§ **GIVEN DATA**
|---|

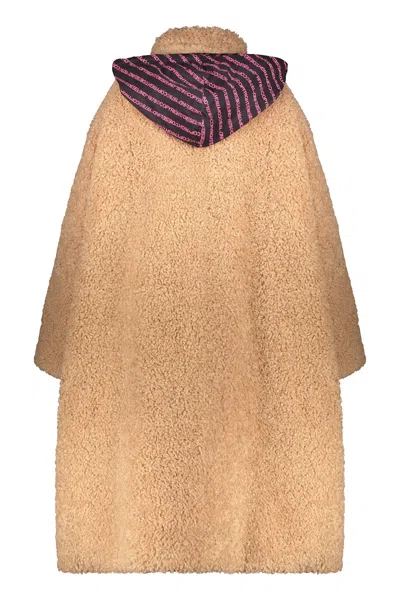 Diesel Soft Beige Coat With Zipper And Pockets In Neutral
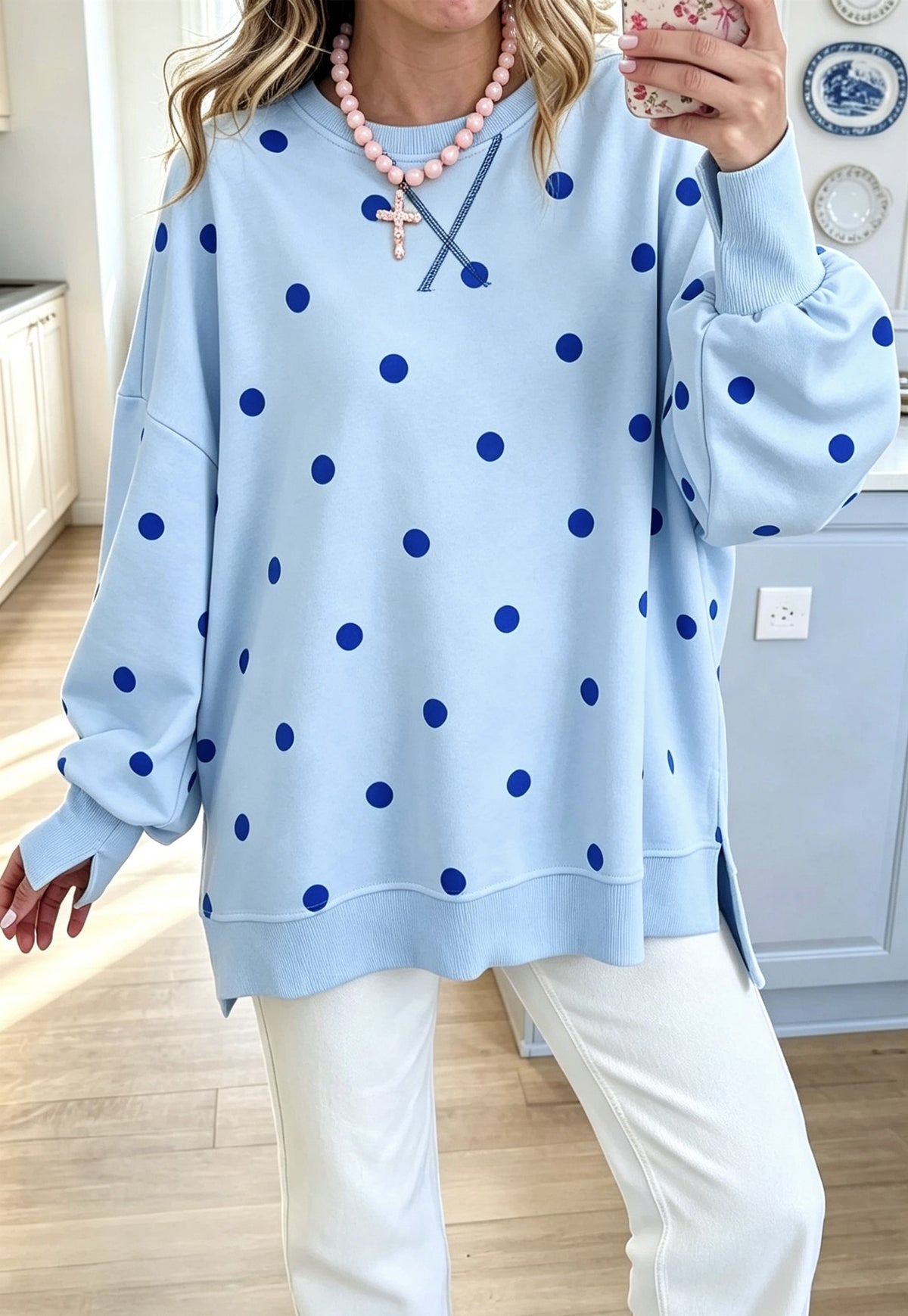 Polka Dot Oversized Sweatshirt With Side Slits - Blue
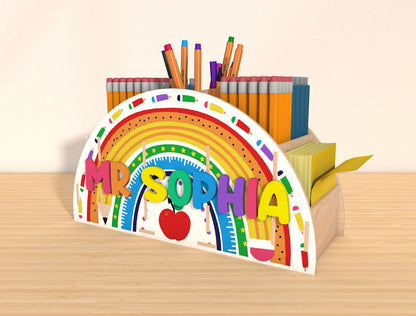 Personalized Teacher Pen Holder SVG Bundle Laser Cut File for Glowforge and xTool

|---|

§ **ACTIVITY**
Look above for the line containing "Polka Dot Oversized"; output that line and all lines after it through the last one exactly, without the pictures.

§ **ANSWER SPACE**
 Polka Dot Oversized Sweatshirt With Side Slits - Blue
 Personalized Teacher Pen Holder SVG Bundle Laser Cut File for Glowforge and xTool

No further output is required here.